Eli Lilly defends itself against assertions in BMJ
Nieuws van: British Medical Journal (BMJ)The drug company Eli Lilly has launched a campaign to refute assertions about its anti-depressant medicine, fluoxetine (Prozac), made in an article in the BMJ ( 2005:330: 7[Free Full Text], 1 Jan) about internal company documents sent to the BMJ by an anonymous source.
Sydney Taurel, Lilly's chief executive, in an open letter published in the Wall Street Journal on 13 January, wrote that the BMJ article and the misleading reports about it in other media have "needlessly spread fear among patients who take Prozac."

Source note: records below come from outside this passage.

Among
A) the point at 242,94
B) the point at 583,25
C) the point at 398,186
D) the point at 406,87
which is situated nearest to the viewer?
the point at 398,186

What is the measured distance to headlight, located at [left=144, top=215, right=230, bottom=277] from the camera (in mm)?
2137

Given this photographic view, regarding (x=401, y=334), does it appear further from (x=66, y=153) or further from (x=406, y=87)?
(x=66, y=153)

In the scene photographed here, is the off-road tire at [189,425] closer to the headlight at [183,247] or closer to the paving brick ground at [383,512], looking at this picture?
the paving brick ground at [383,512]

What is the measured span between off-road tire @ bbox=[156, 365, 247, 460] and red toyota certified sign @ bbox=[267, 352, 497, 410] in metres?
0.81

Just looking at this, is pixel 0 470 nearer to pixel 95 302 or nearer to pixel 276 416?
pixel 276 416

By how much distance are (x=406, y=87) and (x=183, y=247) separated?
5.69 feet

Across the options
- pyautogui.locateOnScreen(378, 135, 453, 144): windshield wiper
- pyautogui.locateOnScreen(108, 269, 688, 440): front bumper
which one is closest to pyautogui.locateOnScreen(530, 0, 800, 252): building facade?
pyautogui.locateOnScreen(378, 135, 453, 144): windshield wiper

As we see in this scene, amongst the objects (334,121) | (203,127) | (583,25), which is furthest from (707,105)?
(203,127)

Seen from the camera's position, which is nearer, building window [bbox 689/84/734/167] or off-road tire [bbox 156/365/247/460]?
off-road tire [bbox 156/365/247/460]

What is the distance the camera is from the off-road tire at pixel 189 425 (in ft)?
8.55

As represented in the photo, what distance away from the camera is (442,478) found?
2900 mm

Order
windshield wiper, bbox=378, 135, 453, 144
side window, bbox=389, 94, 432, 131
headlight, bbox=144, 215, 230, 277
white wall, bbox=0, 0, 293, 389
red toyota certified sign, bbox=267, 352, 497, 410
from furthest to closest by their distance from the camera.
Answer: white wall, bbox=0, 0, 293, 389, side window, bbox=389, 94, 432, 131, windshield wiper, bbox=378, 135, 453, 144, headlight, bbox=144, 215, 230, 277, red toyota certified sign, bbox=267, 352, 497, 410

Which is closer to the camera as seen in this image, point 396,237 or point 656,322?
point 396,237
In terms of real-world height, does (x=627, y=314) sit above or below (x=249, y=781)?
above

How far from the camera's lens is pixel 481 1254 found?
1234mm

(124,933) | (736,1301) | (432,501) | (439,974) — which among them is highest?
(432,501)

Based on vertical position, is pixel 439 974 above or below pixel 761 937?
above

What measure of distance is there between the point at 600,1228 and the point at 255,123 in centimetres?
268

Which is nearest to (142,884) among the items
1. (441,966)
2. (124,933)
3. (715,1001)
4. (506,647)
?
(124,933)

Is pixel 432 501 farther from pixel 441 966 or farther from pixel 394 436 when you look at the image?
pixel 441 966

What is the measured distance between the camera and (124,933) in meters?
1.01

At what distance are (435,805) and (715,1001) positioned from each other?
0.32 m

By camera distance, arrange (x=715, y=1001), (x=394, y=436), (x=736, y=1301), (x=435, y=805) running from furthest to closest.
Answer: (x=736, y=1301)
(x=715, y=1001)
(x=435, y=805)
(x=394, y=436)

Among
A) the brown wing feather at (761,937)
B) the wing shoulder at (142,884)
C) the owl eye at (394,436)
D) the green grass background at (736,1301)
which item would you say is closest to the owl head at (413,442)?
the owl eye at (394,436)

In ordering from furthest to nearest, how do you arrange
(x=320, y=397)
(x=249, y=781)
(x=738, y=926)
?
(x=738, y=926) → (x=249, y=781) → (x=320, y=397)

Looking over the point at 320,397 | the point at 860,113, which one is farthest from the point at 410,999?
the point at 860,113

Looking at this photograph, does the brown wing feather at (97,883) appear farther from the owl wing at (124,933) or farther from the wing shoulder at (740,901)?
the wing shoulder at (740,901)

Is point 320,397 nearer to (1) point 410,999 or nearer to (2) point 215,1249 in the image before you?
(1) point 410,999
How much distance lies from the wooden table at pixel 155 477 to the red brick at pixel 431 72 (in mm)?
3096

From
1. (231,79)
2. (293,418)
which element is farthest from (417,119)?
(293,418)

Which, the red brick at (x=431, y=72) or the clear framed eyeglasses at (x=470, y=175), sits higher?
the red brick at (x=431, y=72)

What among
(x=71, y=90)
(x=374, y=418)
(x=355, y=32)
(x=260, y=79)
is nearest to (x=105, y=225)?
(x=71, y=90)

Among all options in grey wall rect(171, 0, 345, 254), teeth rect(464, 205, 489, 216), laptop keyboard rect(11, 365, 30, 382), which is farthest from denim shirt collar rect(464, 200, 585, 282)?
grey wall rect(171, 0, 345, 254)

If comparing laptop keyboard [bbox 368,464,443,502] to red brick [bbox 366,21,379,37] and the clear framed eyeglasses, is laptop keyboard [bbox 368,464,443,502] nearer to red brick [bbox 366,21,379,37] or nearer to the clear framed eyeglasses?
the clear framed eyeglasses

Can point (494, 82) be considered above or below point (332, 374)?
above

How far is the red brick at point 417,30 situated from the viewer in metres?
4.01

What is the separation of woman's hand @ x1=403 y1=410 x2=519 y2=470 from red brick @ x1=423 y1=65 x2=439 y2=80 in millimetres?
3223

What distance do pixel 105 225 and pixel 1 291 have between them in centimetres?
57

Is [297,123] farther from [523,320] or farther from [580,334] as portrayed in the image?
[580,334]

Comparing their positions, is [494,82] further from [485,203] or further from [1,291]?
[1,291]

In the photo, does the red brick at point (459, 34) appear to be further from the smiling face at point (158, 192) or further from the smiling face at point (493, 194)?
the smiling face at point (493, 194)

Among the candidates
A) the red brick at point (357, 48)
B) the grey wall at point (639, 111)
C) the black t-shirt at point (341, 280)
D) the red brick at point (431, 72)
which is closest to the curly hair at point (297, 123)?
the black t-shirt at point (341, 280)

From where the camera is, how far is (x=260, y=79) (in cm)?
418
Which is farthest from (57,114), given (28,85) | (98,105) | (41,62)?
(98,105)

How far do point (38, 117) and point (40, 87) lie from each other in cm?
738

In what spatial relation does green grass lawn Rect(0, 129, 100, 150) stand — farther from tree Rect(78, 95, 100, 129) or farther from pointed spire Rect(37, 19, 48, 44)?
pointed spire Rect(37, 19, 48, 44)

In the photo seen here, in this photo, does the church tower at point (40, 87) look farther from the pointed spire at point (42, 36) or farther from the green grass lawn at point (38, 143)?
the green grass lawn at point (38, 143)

In response to the suggestion that Lilly might not have reported negative data to the Food and Drug Administration or the medical community, he said: "In reality, all of the medical issues about Prozac raised in the documents had been addressed in Lilly's data submissions to the US Food and Drug Administration or regulators in other countries, in prestigious scientific journals, or in correspondence with attorneys outside Lilly over the course of more than 10 years."

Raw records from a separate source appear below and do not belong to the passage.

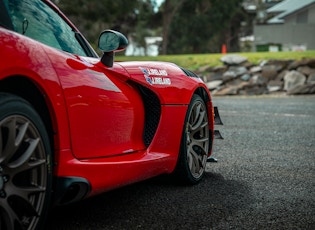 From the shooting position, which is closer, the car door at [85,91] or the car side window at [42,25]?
the car door at [85,91]

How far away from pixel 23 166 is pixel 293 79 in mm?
19467

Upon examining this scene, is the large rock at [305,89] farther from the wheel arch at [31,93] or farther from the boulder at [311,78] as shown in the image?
the wheel arch at [31,93]

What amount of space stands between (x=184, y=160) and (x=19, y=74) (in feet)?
6.50

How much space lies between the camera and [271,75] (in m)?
21.4

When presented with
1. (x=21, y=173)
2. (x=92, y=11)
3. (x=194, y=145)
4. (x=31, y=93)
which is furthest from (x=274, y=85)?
(x=21, y=173)

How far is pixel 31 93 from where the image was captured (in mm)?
2451

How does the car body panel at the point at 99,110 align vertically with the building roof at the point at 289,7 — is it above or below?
below

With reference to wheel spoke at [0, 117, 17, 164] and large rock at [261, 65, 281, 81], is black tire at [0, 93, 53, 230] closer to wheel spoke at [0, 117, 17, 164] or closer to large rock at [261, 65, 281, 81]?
wheel spoke at [0, 117, 17, 164]

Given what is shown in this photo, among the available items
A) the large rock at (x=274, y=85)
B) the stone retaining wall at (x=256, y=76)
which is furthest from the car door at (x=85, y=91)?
the large rock at (x=274, y=85)

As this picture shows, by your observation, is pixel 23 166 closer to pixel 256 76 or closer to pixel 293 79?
pixel 293 79

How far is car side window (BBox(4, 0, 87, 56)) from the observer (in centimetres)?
280

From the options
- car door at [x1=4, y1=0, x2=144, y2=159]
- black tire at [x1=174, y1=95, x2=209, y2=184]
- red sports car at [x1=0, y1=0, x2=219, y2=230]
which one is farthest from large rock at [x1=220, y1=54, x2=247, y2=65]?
car door at [x1=4, y1=0, x2=144, y2=159]

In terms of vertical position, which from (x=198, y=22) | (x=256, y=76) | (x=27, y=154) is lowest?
(x=256, y=76)

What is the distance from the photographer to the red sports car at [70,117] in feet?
7.48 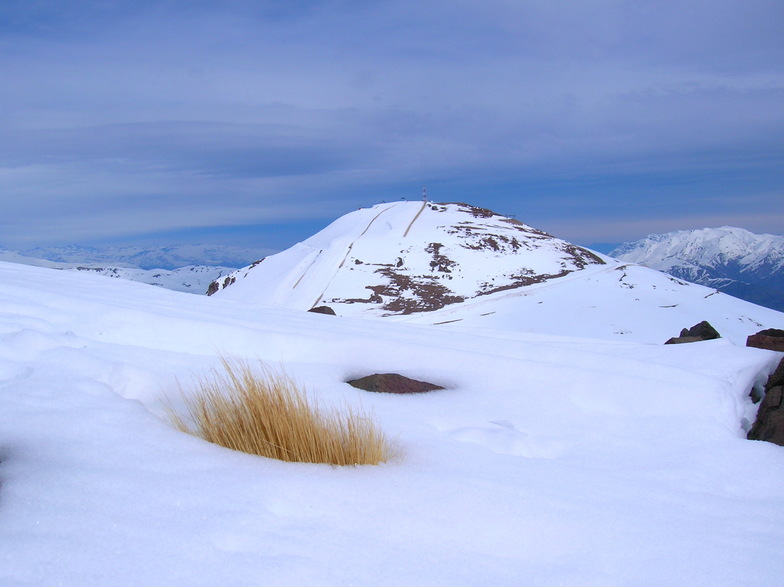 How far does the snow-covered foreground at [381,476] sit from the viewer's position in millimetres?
1699

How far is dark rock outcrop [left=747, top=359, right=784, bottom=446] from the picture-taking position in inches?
135

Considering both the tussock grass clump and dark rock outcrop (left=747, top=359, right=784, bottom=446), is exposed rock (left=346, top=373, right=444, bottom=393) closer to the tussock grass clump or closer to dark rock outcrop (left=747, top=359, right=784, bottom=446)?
the tussock grass clump

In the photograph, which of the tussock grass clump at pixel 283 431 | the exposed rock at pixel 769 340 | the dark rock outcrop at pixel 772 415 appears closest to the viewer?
the tussock grass clump at pixel 283 431

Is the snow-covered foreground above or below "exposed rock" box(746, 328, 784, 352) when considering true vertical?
below

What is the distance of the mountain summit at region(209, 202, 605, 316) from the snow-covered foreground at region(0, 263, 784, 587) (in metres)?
16.5

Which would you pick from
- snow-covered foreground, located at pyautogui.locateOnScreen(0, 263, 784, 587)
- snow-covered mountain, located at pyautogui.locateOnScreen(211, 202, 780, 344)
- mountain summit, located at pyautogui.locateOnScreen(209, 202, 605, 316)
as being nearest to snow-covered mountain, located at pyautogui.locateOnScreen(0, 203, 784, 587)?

One of the documents received by the BMJ was called "Activation and Sedation in Fluoxetine Clinical Trials," which recorded that 38% of patients taking fluoxetine developed symptoms of activation, such as nervousness and insomnia, compared with 19% of patients taking placebo.
Lilly has posted on their website an annotated analysis of the documents received by the BMJ, including the finding from the activation and sedation report. The analysis cites five scientific publications and concludes: "Subsequent analyses on activation and sedation for multiple specific studies were published in several peer-reviewed journals and were appropriately referenced in annual reports."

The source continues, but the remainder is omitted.